This method propounded for Index number by Truman L. Kelley is popularly known as Kelley’s method of index number. Mr. Kelley, in his method, takes the quantity of any year, or average of quantities of any number of years as the weights of the items. For this, the method is also otherwise known as the method of fixed weight aggregative index. As such, the formula introduced by Kelley is as under:
P01(k) = ∑P1q /P0q × 100
Here, q = quantity of any year, or average of quantities of any number of years. Further, such average may be either an arithmetic, or a geometric one.
Thus q may be (q0+ q1)/ 2
Or √(q0q1, Or, q0 Or, q1 etc
- The chief merits of this method are as follows:
- The weights remain fixed for every time an index is constructed.
- The base period may be changed without changing the weights of the items.
- It is very easy to calculate for which it is the most popular index number.
- It satisfies the time reversal test as the weights remain constant.
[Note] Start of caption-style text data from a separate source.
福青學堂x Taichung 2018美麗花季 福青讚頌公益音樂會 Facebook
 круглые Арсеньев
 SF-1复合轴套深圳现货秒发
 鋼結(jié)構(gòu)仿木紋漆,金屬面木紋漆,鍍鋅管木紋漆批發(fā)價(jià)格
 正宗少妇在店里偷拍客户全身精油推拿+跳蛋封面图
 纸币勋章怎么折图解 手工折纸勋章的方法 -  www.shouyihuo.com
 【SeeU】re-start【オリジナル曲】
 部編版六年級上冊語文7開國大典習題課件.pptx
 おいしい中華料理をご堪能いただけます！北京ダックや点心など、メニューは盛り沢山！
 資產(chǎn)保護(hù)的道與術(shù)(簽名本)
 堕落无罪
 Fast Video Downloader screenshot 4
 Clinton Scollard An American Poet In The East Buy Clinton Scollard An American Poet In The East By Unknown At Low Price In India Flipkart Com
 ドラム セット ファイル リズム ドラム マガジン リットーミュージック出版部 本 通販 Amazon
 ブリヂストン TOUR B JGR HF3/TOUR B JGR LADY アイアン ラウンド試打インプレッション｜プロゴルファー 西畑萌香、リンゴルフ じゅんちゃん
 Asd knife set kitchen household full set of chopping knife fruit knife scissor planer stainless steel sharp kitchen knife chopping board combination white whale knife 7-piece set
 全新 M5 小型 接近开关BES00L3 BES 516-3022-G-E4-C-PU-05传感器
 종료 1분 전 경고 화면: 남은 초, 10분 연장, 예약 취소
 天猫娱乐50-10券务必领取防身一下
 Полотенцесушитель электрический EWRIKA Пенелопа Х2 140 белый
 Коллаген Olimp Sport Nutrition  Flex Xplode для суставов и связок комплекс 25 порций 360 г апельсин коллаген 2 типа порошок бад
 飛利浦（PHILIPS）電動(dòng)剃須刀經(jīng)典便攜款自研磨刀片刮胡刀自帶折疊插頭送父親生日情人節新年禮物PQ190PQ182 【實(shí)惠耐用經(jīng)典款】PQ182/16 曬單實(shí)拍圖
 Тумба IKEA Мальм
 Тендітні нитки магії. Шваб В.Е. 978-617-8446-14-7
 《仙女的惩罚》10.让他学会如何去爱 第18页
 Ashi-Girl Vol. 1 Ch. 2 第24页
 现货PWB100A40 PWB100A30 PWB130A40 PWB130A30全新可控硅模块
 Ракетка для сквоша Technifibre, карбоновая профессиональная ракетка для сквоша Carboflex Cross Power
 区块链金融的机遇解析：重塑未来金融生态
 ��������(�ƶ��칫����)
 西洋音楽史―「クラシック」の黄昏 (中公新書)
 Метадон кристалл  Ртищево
- It also satisfies the circular test, and unit test of consistency as the weights are fixed.
- It makes use of all the available data like p1,p0,q1 and q0.
- It can make use of both arithmetic and geometric means in its calculations.
- The chief demerits that go against this method are as follows:
- It may ignore the quantities of both the base year and the current year while taking the weights.
- In comparison to the general weighted index number model i.e. ( ∑P1w / ∑P0w ) x100, this index number model is little more difficult to work out as it may involve all the types of data and two types of average i.e. arithmetic mean, and geometric mean.